TASK PROMPT: Up to and including the line that holds "Bourdais: Reifen- und", copy every line of the records below exactly, starting at the first; leave pictures out.

Short text fragments from websites:

**********

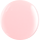 Vernis au silicium Rose dragée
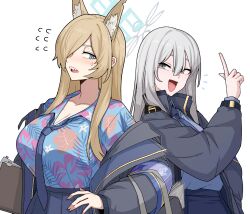 kanna (blue archive) from blue archive by formicid
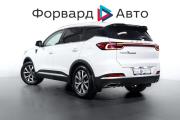 Chery Tiggo 7 Pro Max I Тюмень  - изображение 33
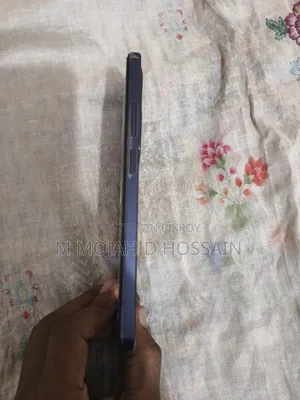 Oppo A60 256 GB
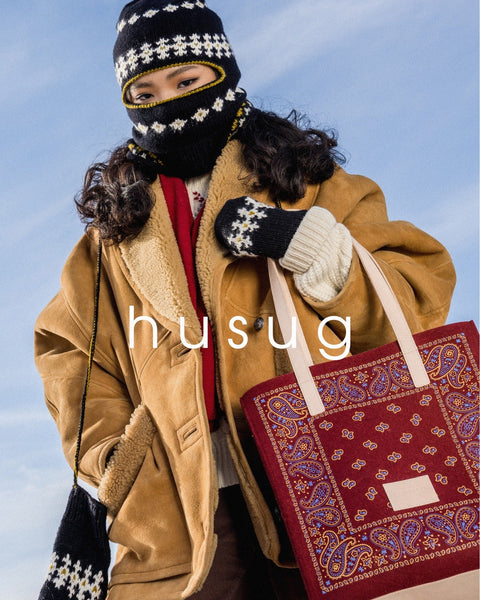 Social Responsibility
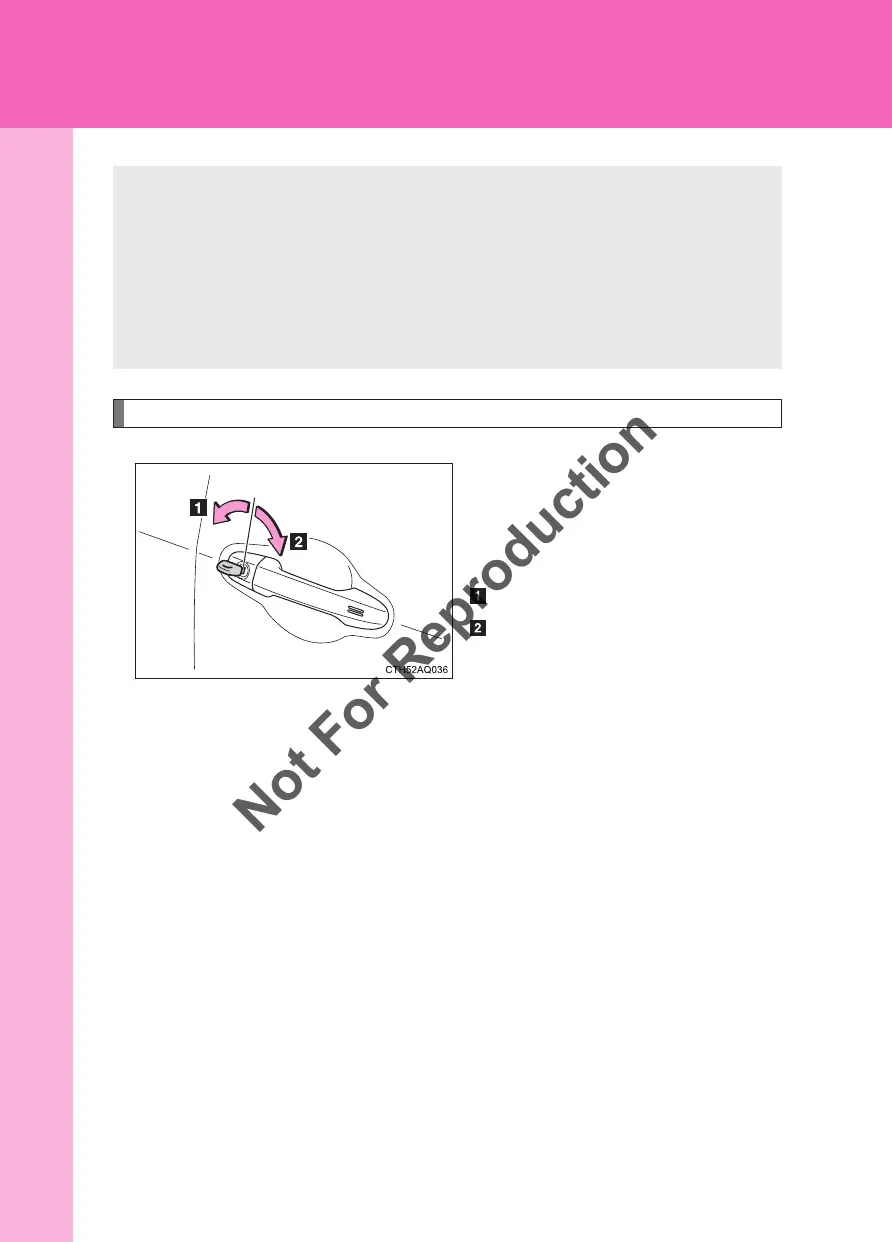 Page #417 background image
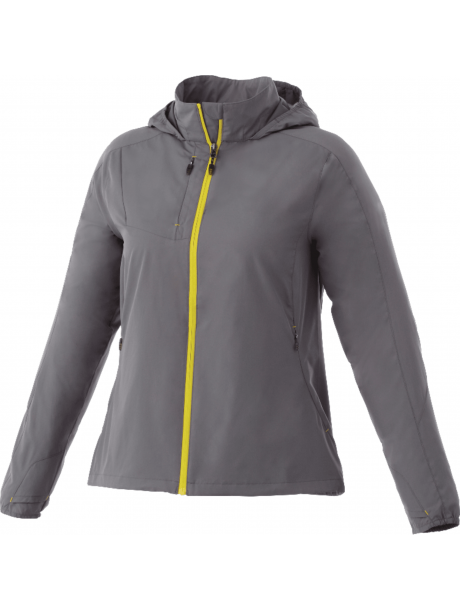 TM92604_945_B_FR_OFF_4166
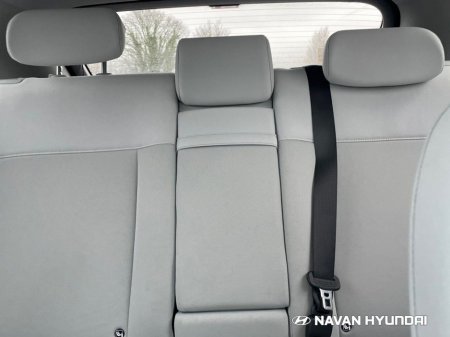 2024 Hyundai Kona EV Elegance 48kWh €25,950 thumbnail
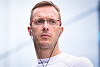 Bourdais: Reifen- und Spritmanagement in Portland der Schlüssel zum Erfolg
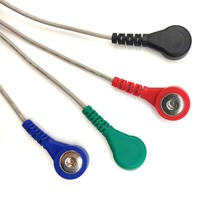 �S�ҹ�������t�����^�������a�~���^�B�Ӿ����t�����l����늘O��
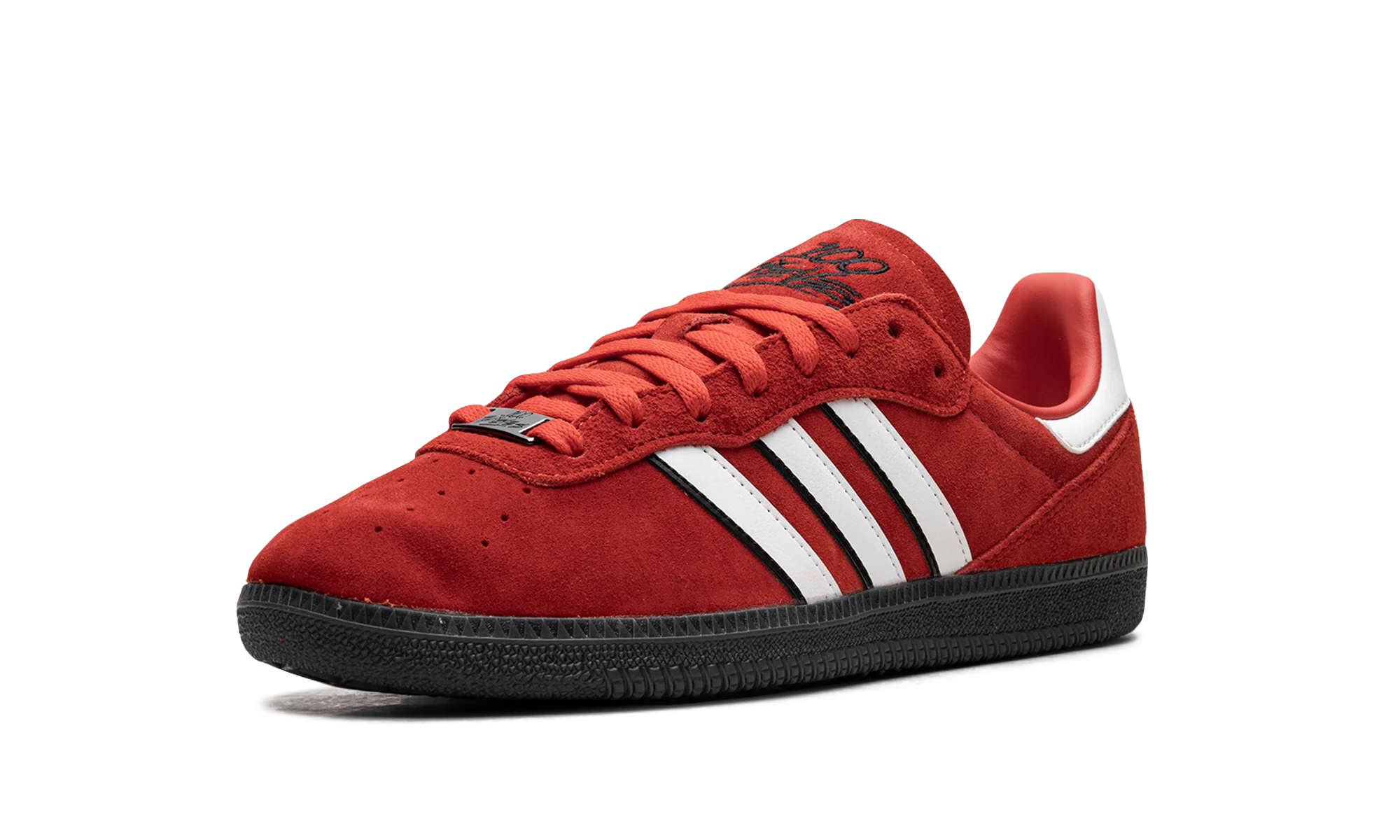 Palos Hills "100 Thieves Red" JI4306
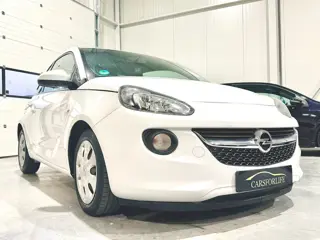 Opel ADAM 1.2 City (AIRCO)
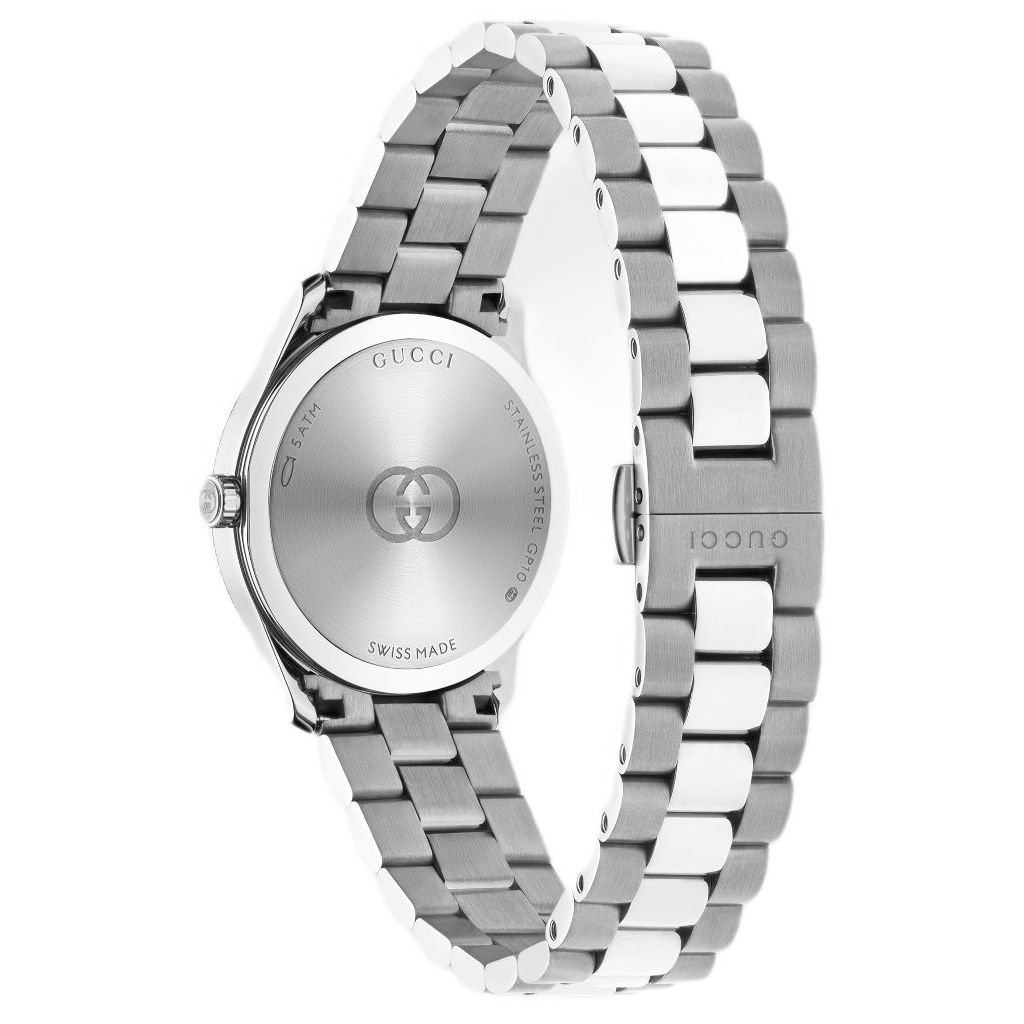 ZEGAREK GUCCI G-TIMELESS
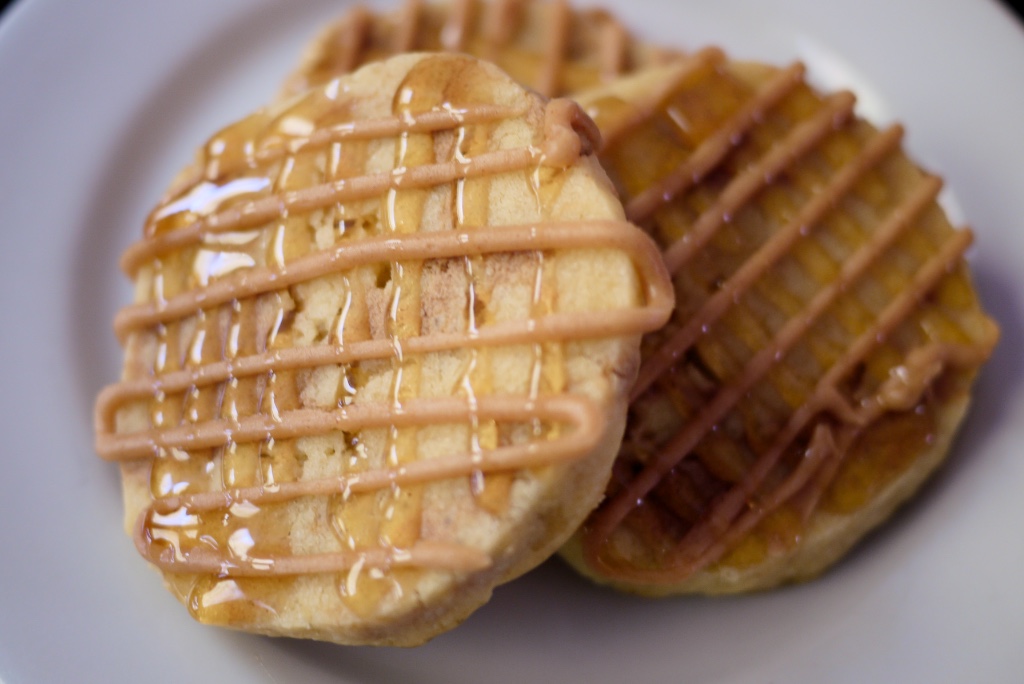 millionaire_shortbread_small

**********

SOLUTION BELOW:
 Vernis au silicium Rose dragée
 kanna (blue archive) from blue archive by formicid
 Chery Tiggo 7 Pro Max I Тюмень  - изображение 33
 Oppo A60 256 GB
 Social Responsibility
 Page #417 background image
 TM92604_945_B_FR_OFF_4166
 2024 Hyundai Kona EV Elegance 48kWh €25,950 thumbnail
 Bourdais: Reifen- und Spritmanagement in Portland der Schlüssel zum Erfolg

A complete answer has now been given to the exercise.